(TASK) Reproduce the listing verbatim through the line with "Miu Miu Natural Crew-Neck Cashmere Vest".

(EXCERPTED DATA)
--- --- ---
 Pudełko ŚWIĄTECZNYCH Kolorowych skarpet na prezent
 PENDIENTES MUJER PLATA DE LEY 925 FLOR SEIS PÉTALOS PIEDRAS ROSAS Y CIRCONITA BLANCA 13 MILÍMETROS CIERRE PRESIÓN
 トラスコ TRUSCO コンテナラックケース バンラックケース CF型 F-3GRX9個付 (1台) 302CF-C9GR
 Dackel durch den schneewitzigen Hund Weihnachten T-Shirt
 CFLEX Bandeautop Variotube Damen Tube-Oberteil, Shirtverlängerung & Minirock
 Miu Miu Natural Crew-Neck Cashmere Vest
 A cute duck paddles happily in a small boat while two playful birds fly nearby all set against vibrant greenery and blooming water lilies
--- --- ---
(YOUR RESPONSE)
 Pudełko ŚWIĄTECZNYCH Kolorowych skarpet na prezent
 PENDIENTES MUJER PLATA DE LEY 925 FLOR SEIS PÉTALOS PIEDRAS ROSAS Y CIRCONITA BLANCA 13 MILÍMETROS CIERRE PRESIÓN
 トラスコ TRUSCO コンテナラックケース バンラックケース CF型 F-3GRX9個付 (1台) 302CF-C9GR
 Dackel durch den schneewitzigen Hund Weihnachten T-Shirt
 CFLEX Bandeautop Variotube Damen Tube-Oberteil, Shirtverlängerung & Minirock
 Miu Miu Natural Crew-Neck Cashmere Vest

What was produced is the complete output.